Atentado na Somália pode ter sido vingança pessoal

20 de outubro de 2017 0 Por Redação Urbs Magna
Atentado na Somália pode ter sido vingança pessoal

A relação entre o motorista do caminhão e o Al Shabab ainda não está clara. Alguns observadores argumentam que o grupo terrorista está evitando assumir a responsabilidade porque não quer ser culpado pelas mortes de mais de 300 pessoas

O terrorista responsável por matar mais de 300 pessoas em Mogadíscio, Somália , pode ter sido motivado pela sede de vingança após um ataque organizado pelo Estados Unidos que matou vários moradores de sua cidade natal. Foi um dos ataques terroristas mais mortíferos dos últimos cem anos. Agora, os pesquisadores somalis acreditam que pode ter sido ideia de um único homem.

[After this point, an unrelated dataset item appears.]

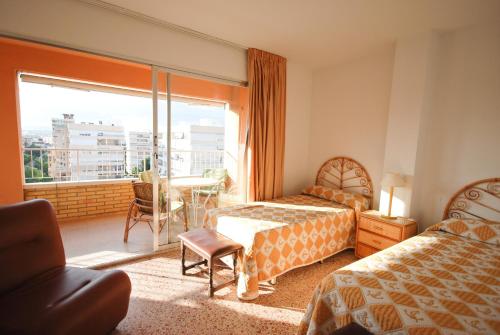 a hotel room with two beds and a large window at Apartamentos Concorde in Alicante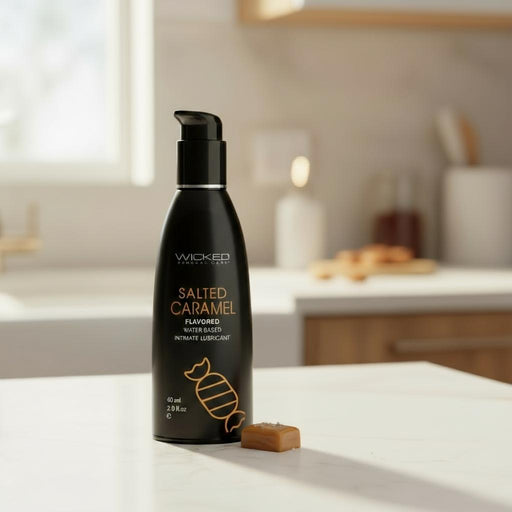 A 2oz bottle of Wicked Aqua Salted Caramel Flavored Water Based Lubricant sits on a kitchen counter next to caramel candy, with a softly lit kitchen in the background.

De acordo com fontes oficiais, o motorista do caminhão carregado de explosivos era um ex-soldado somali que poderia ter decidido se vingar depois que sua casa no sul do país foi atacada por tropas do governo dos EUA e forças especiais no verão passado. O ataque matou pelo menos 10 civis, incluindo três crianças . Os políticos locais protestaram contra a crueldade do assalto. “Esses agricultores locais foram atacados por tropas estrangeiras enquanto eles estavam cuidando seus campos“, disse o vice-governador regional Ali Nur Mohamed aos jornalistas locais. “Os soldados poderiam tê-los preso porque estavam desarmados, mas foram exterminados um a um sem piedade“.

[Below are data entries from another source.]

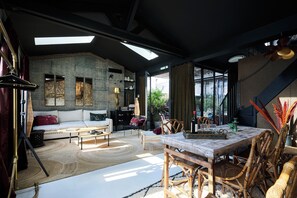 The living room and its dining area.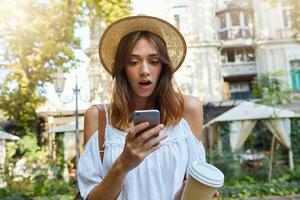 Outdoor portrait of amazed beautiful young woman wears stylish hat and white summer dress, feels surprised, using smartphone and drinking takeaway coffee in old city photo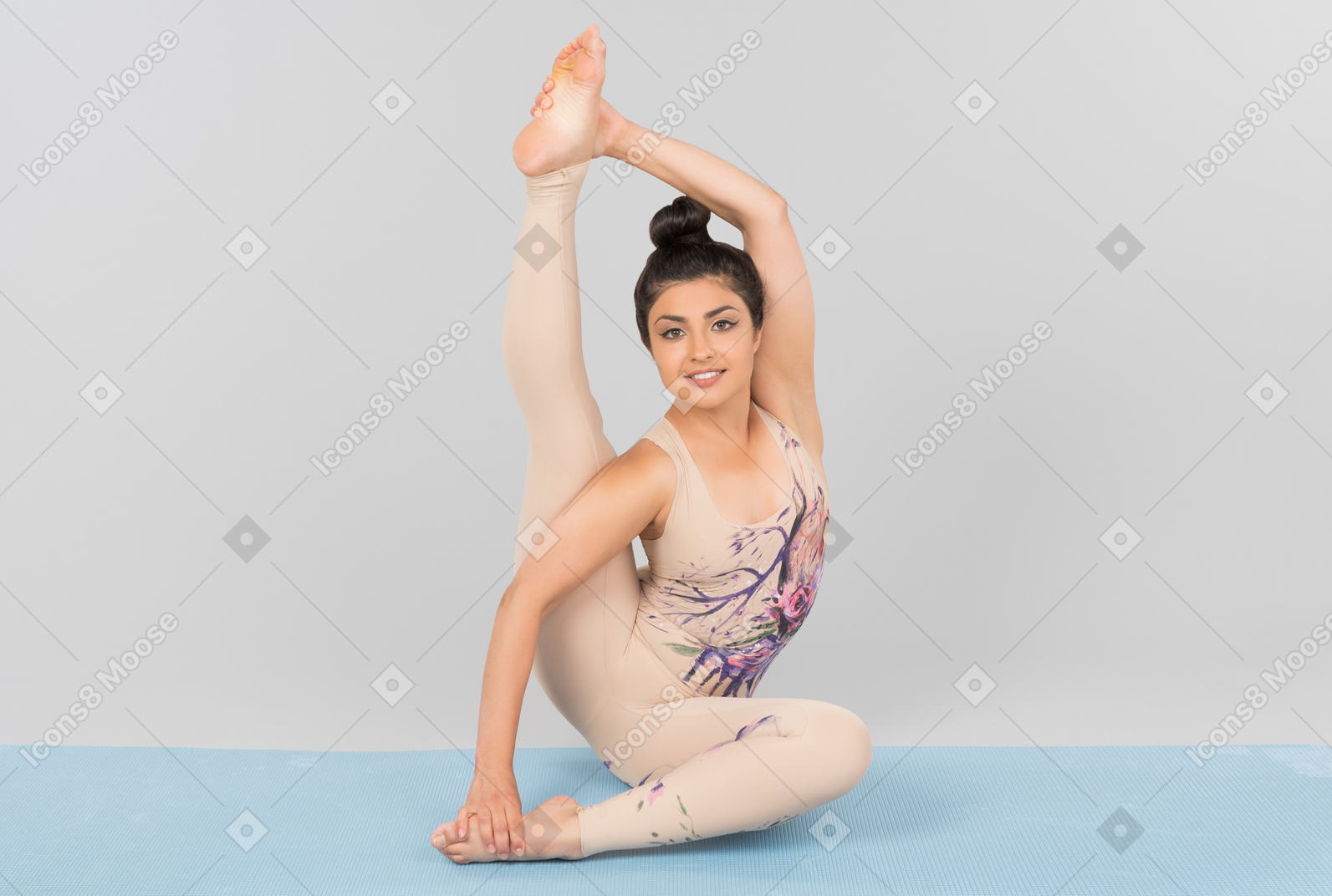 Joven gimnasta india sentada sobre una estera de yoga con una pierna arriba y tocando su dedo del pie con una mano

“Nenhum outro grupo na Somália tem a capacidade de montar uma bomba desse tamanho”, dizem especialistas. Os líderes tribais se vingaram contra o governo da Somália e seus aliados. Dois meses depois, o terrorista de Mogadiscio carregou um caminhão com várias centenas de quilos de explosivos e levou-o ao centro da capital. Acredita-se que o alvo fosse o Ministério das Relações Exteriores da Somália, mas o veículo foi parado no caminho em um ponto de controle da polícia. Os oficiais estavam prestes a inspecionar o veículo quando o motorista acelerou, caiu em uma barreira e explodiu o caminhão.

A magnitude da explosão derrubou vários edifícios e incendiou outro caminhão que transportava gasolina nas imediações, criando uma enorme bola de fogo. O governo culpou o grupo terrorista Al Shabab, que atua há mais de 10 anos e se juntou à Al Qaeda em 2011. A organização ainda não admitiu sua responsabilidade no ataque.

Estima-se que o grupo islâmico tenha entre 7.000 e 9 mil milicianos na Somália. Seu objetivo é apoderar-se do poder e impor sua própria interpretação da lei islâmica , que inclui regras rígidas sobre o vestido, obrigações graves para as mulheres e o uso da mutilação pública como punição.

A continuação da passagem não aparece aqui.